Energy bill

Government puts forward its plan to tackle the energy crisis

New prime minister Liz Truss has this morning unveiled the government’s plans to tackle the energy price crisis that is afflicting the United Kingdom.  Truss laid out her proposals as she opened a debate on UK Energy Costs in the House of Commons.

At the centre of the government’s package is an ‘energy price guarantee’.  The guarantee is designed to ensure that the average household bill for normal energy usage will be capped at £2,500 per year over the next two years.

A similar guarantee has been announced for business, charities and public sector bodies for the next 6 months.  Subject to a review which is expected to conclude within three months, the government has then detailed its plans to put in place further ongoing support measures for vulnerable sectors such as hospitality.

Truss also confirmed that a fund will be set up to provide equivalent support for those relying on heating oil, park homes, and heat networks.  In the absence of a functioning Northern Ireland Executive at the current time, Truss announced that equivalent support will also be provided to people in Northern Ireland.
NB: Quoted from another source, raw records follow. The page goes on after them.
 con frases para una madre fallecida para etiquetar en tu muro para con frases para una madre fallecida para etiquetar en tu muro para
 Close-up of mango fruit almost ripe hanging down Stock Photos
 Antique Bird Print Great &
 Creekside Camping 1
The exact cost of the government’s proposals will depend on the future level of wholesale gas prices.   The think tank the Centre for Policy (CPS) studies has estimated that the cost of the scheme could amount to £29 billion if prices reach the £3,549 envisaged by the latest price cap.

However that cost would rise to £81 billion if prices reached the £5,387 level that has been estimated for January 2023, and £116 billion if they hit the £6,616 level that has been forecast for April 2023.
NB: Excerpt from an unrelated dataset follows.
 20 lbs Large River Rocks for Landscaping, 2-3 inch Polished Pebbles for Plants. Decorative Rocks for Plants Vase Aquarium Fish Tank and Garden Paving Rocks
By way of comparison, the furlough scheme which protected some 11.7 million jobs during the covid pandemic cost £70 billion.  Total education spending across the UK in next year is currently budgeted at £105 billion.

Now that the package of support has been announced, political divisions at Westminster are now concentrating on how the energy price guarantee is to be paid for.
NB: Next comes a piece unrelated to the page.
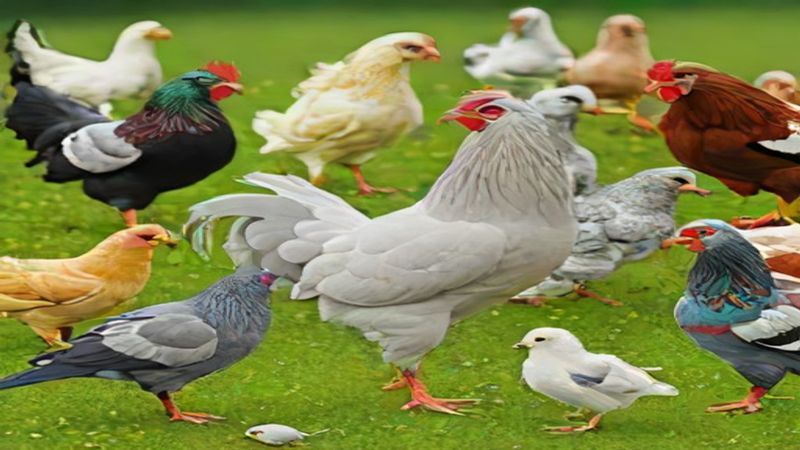 Sağlıklı ve Verimli Tavuk & Horozlar İçin Kapsamlı Bakım Rehberi: Beslenme, Vitamin ve Hastalık Önleme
In the Commons, Liz Truss once again ruled out introducing a windfall tax on energy companies, arguing that such a measure would “discourage the very investment we need to secure home grown energy supply”.

This approach was again attacked by the Labour leader, Sir Keir Starmer.  Although welcoming the government’s acceptance of the principle of a price limit, Starmer highlighted how ‘this support does not come cheap’.

Citing comments by the Chief Executive of BP that a windfall tax would not have deterred any of the company’s current investment projects, Starmer was keen to stress how the energy sector was now making profits that ‘it did not expect to make’.

By avoiding a windfall tax, Starmer said the government is ‘leaving profits on the table’, something which will result in the ‘bill being picked up by working people’.

Alongside the announcement of the price guarantee, the prime minister’s speech also focussed on the need to improve energy supply, with Truss committing to turn the UK into a net energy exporter by 2040.

Alongside a renewed commitment to new nuclear generation, the government is looking to approve as many as 100 new energy exploration licences as part of its drive to boost domestic energy capacity.

North Sea production is said to have jumped by more than a quarter this year as record prices make it viable to drill in fields previously deemed uneconomic.   Truss also confirmed that she intended to reverse the current ban on fracking.

The return to fracking has been criticised by environmental campaigners. Georgia Whitaker, an oil and gas campaigner for Greenpeace UK, said: “Before the fracking moratorium, the industry had ten years of the government ‘going all out for shale’ and giving them all the support denied to onshore wind. In that time, the frackers produced no energy for the UK, but managed to create two holes in a muddy field, traffic, noise, earthquakes and enormous controversy”.